Task instructions >>
Retype the line in which "Ak Ostseebad Zempin" appears, then every line after it until the records end. Leave out the pictures.

Entries shown >>
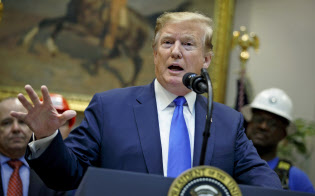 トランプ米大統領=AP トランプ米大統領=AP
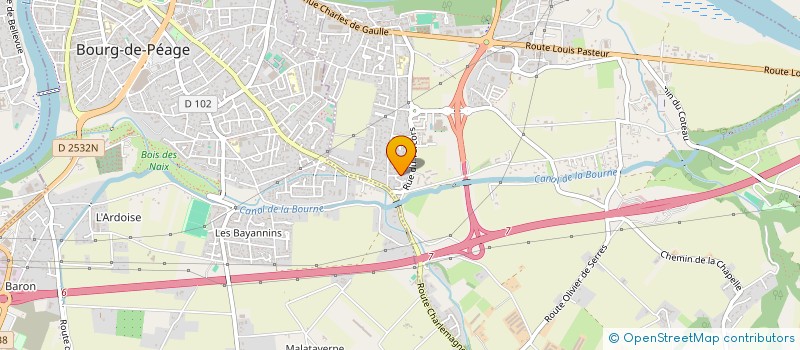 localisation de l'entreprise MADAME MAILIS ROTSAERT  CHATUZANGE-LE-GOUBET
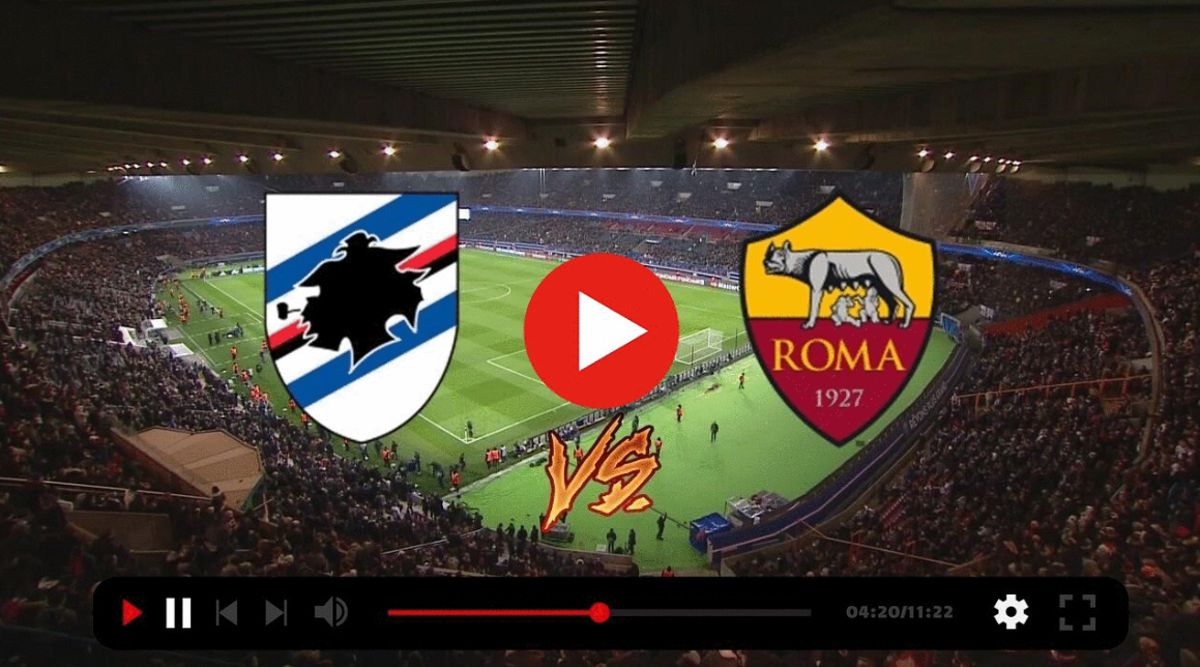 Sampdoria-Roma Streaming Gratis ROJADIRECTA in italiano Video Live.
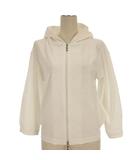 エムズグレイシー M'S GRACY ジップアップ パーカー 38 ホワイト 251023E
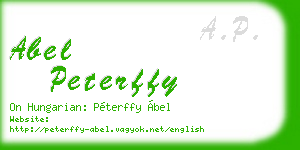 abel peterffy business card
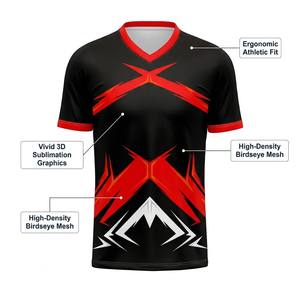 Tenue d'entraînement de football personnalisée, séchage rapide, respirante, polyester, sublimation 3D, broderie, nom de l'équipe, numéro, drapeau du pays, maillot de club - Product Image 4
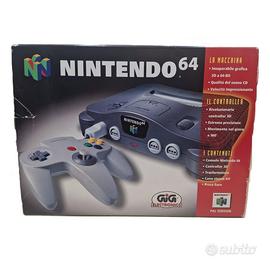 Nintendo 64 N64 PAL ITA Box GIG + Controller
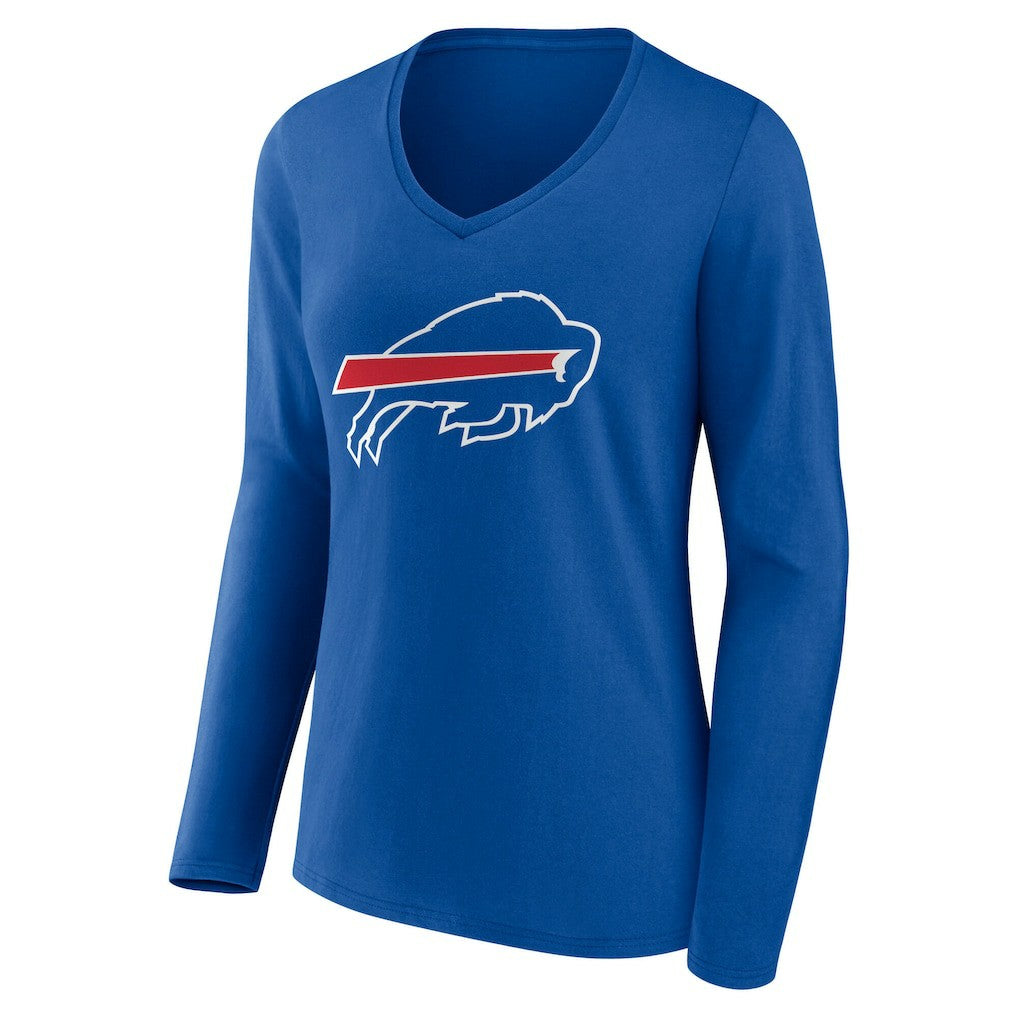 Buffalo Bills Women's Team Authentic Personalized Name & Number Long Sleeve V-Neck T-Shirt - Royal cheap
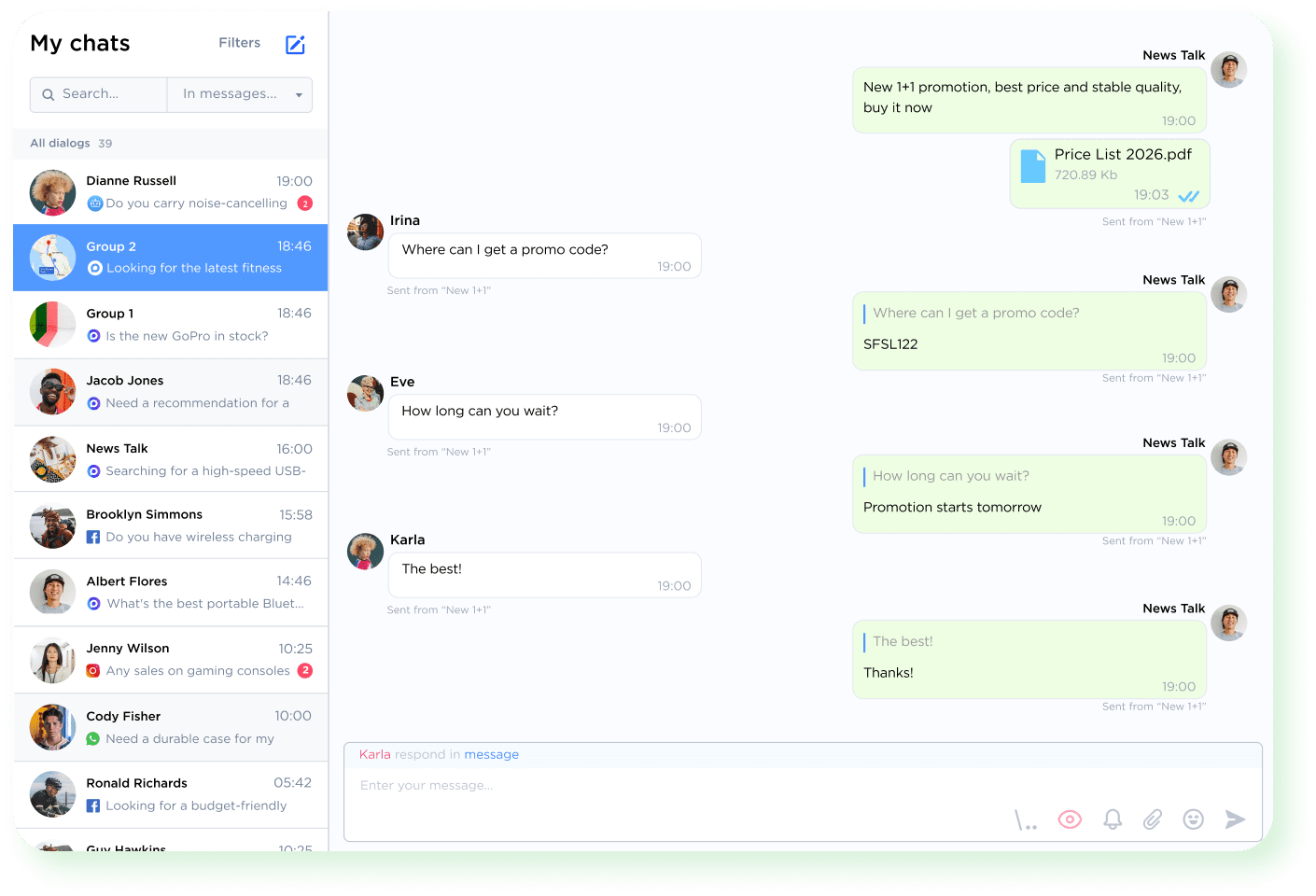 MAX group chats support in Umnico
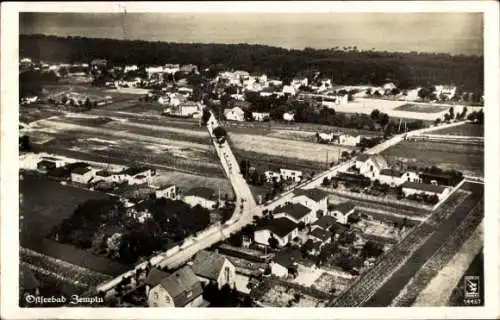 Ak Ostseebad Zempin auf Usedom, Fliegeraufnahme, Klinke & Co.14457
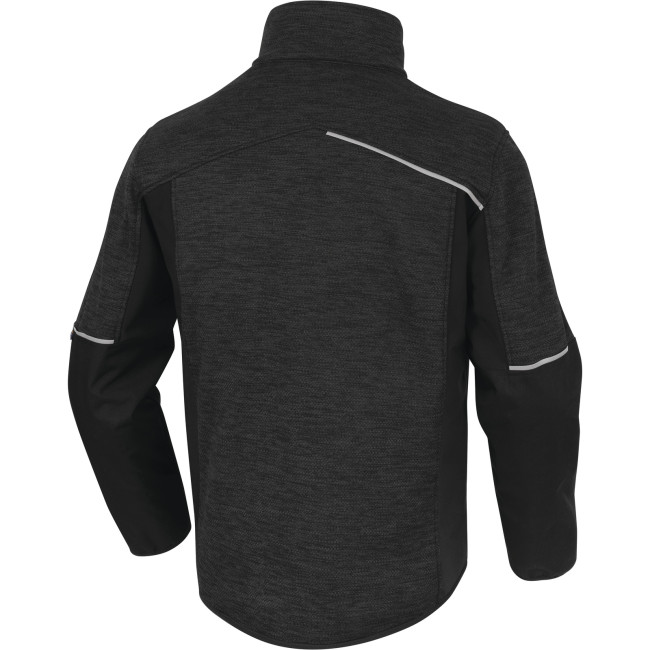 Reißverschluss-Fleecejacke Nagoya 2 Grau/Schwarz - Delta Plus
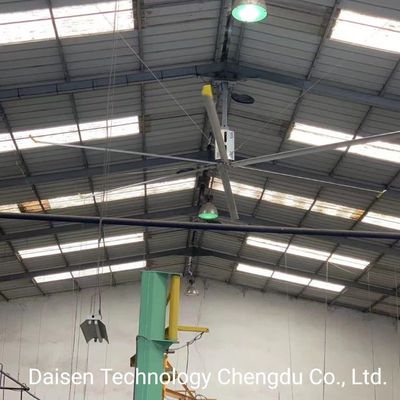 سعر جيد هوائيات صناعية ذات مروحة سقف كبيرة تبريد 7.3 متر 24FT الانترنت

Solution to the exercise >>
 Ak Ostseebad Zempin auf Usedom, Fliegeraufnahme, Klinke & Co.14457
 Reißverschluss-Fleecejacke Nagoya 2 Grau/Schwarz - Delta Plus
 سعر جيد هوائيات صناعية ذات مروحة سقف كبيرة تبريد 7.3 متر 24FT الانترنت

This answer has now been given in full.